Tuesday, November 26, 2019
In short: Dead Bang (1989)
In his prime, poor Don Johnson was too busy shooting Miami Vice to actually have much opportunity to drag his TV stardom onto the big screen, losing out on quite a few roles that made other people stars, and ending up at best starring in films like this minor John Frankenheimer movie, made during the great director’s weakest phase. Which doesn’t mean it’s a truly weak film, for even mediocre Frankenheimer usually has its moments. As a matter of fact, Dead Bang does have rather a lot of them and seems just a script rewrite by someone with a bit more bite than TV writer Robert Foster has to offer away from being really good.

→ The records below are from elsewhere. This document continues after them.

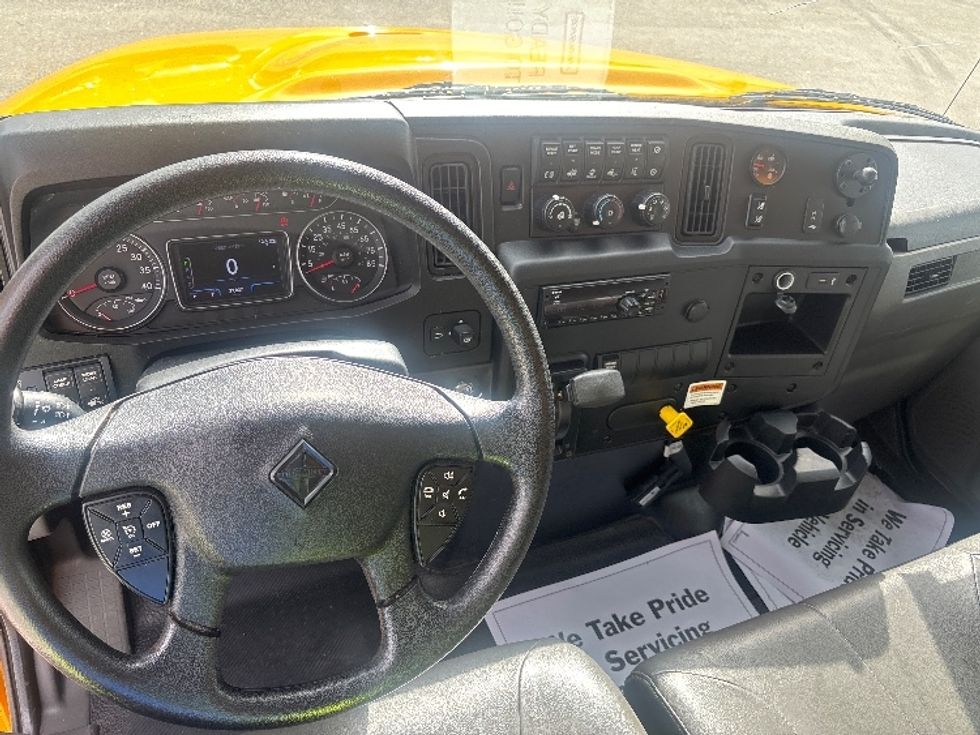 Medium Duty Box Truck-Light and Medium Duty Trucks-International-2021-MV607-Medley-FL-193,114\n\t\tmiles-$ 43,250 - Image 18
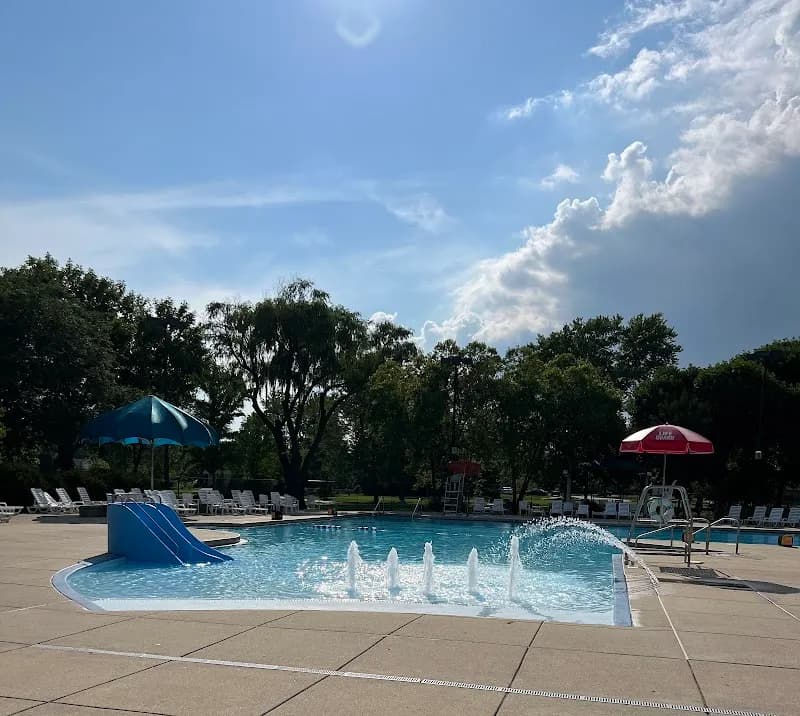 Frontier Park park in Arlington Heights, IL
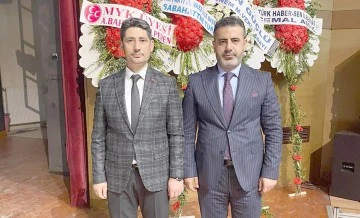 MHP&rsquo;DEN MİTİNG GİBİ KONGRE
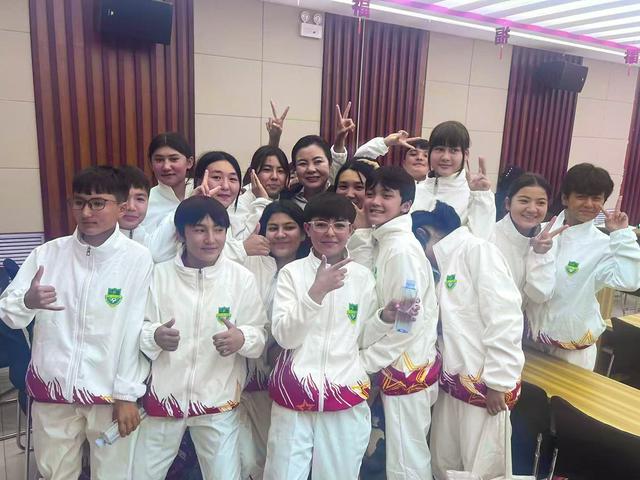 Attush Women's Federation with the soccer team
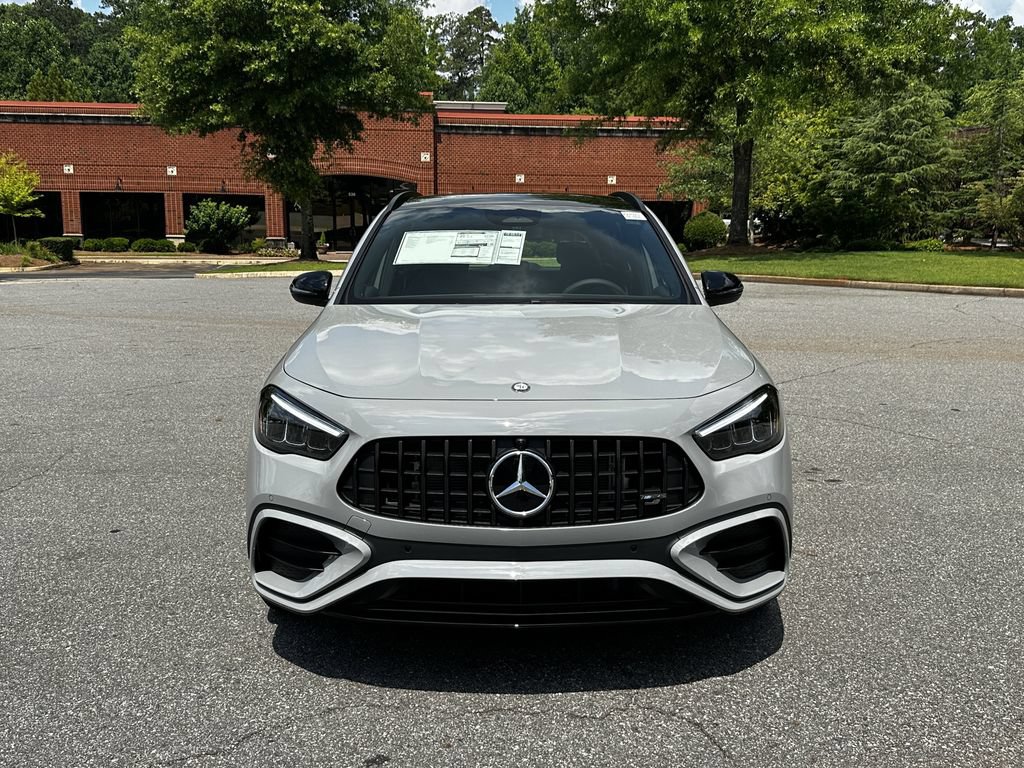 New 2026 Mercedes-Benz GLA 35 AMG 4MATIC image 3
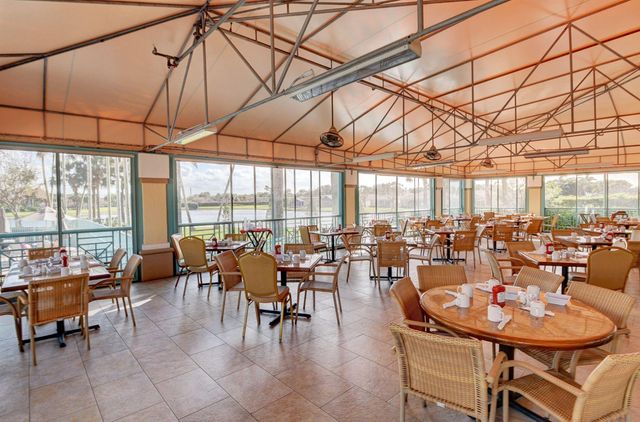 5842 Crystal Shores Drive 105, Boynton Beach, FL 33437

For there’s little to nothing wrong with Frankenheimer’s direction here, and whenever the script provides him the opportunity to stage one of his patented action scenes – even on a minor scale – or have a sad sack macho guy doing the sad sack macho guy thing, the film really comes to gritty life that becomes only more effective because Frankenheimer’s direction often seems so off-handedly easy. Johnson’s not bad, either, but then, he’s played this kind of cop for a while at this stage, so he doesn’t exactly need to step out of his comfort zone. He’s also supported by people like William Forsythe or Bob Balaban, experienced character actors all.
It’s just too bad that Foster’s script leans quite as hard on the cop movie clichés as it does, especially because he’s writing all the stuff about Johnson shouting at his ex-wife over the phone, threatening a psychiatrist, and the various attempts to get him off the case with all the intelligence and verve of someone who can only imagine these things by cribbing them from bad TV shows. There’s also an utterly pointless subplot concerning the dead cop’s wife (Penelope Ann Miller wasted on a non-role) that just disappears after the first act that has no business in the movie whatsoever. I do have to give it to the script, though, it does do well with the general stupidity of white supremacist ideology.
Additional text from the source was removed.